20 Novembre 2009 , Rédigé par Frédéric Delorca Publié dans #Ecrire pour qui pour quoi

Je m'en excuse auprès des lecteurs de ce blog qui le consultent pour avoir des informations générales sur le monde, mais ce site est censé aussi informer les lecteurs du devenir de mes petits livres et de mon itinéraire.
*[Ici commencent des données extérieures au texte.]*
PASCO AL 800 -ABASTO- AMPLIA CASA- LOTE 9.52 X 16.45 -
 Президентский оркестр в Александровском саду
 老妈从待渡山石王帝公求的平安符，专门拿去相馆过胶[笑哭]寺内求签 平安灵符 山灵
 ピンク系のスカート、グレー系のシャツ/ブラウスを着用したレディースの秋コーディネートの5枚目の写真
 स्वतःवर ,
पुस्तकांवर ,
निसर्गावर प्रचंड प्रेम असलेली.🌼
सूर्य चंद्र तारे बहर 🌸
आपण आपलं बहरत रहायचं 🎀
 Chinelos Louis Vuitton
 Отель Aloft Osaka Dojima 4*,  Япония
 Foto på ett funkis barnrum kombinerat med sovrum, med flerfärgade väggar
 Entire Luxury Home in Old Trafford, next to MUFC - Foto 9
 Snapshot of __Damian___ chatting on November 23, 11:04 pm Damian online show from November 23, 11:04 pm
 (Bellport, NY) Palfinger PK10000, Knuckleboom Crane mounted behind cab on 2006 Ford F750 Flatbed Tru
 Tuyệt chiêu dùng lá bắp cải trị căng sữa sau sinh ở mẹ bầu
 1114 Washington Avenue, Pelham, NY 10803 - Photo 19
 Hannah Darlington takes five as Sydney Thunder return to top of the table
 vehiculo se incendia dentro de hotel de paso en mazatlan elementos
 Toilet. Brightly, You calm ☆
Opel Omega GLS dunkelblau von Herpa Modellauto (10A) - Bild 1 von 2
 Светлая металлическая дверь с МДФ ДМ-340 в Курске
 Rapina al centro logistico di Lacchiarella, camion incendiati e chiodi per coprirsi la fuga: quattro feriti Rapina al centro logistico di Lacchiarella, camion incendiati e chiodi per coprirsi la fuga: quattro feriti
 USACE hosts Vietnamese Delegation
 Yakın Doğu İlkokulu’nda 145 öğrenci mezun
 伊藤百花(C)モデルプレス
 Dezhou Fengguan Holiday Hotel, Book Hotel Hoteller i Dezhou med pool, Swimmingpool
Je fais donc le point ce soir (ou ce matin, puisqu'il est presqu'1 heure du matin), de retour d'une séance de signatures à laquelle presque personne n'est venu (malgré 50 promesses de visites sur Facebook). Je vais recalibrer mes activités en format très réduit et souterrain. J'ai envoyé à mon éditeur mes deux derniers manuscrits (qu'il ne publiera pas avant longtemps de toute façon, compte tenu de la faible affluence des lecteurs vers mes livres) et renonce pour longtemps à ce travail d'écriture auquel j'avais presque failli croire lors de la publication de "La révolution des montagnes". J'écrirai peut-être à l'occasion sous forme de livre un petit compte rendu de voyage en Abkhazie s'il est confirmé que je m'y rende prochainement (mais ce n'est pas sûr), et rien de plus (seuls ces petits travaux de journaliste sont appréciés par les lecteurs à cause de leur contenu informatif mais je les trouve personnellement assez dépourvus d'intérêt à la longue). De même je continuerai à l'échelle artisanale mon activité anti-impérialiste à Brosseville. Mais très modestement, et avec beaucoup de scepticisme (vu tous les biais que je découvre dans les stratégies et tactiques des groupes de "résistants"). Conséquence de mon recalibrage d'activité à un niveau très humble et invisible, le présent blog devrait prochainement se tarir, de sorte que j'invite d'ores-et-déjà ses rares lecteurs à l'éliminer de leurs signets et se reporter sur des sites plus utiles.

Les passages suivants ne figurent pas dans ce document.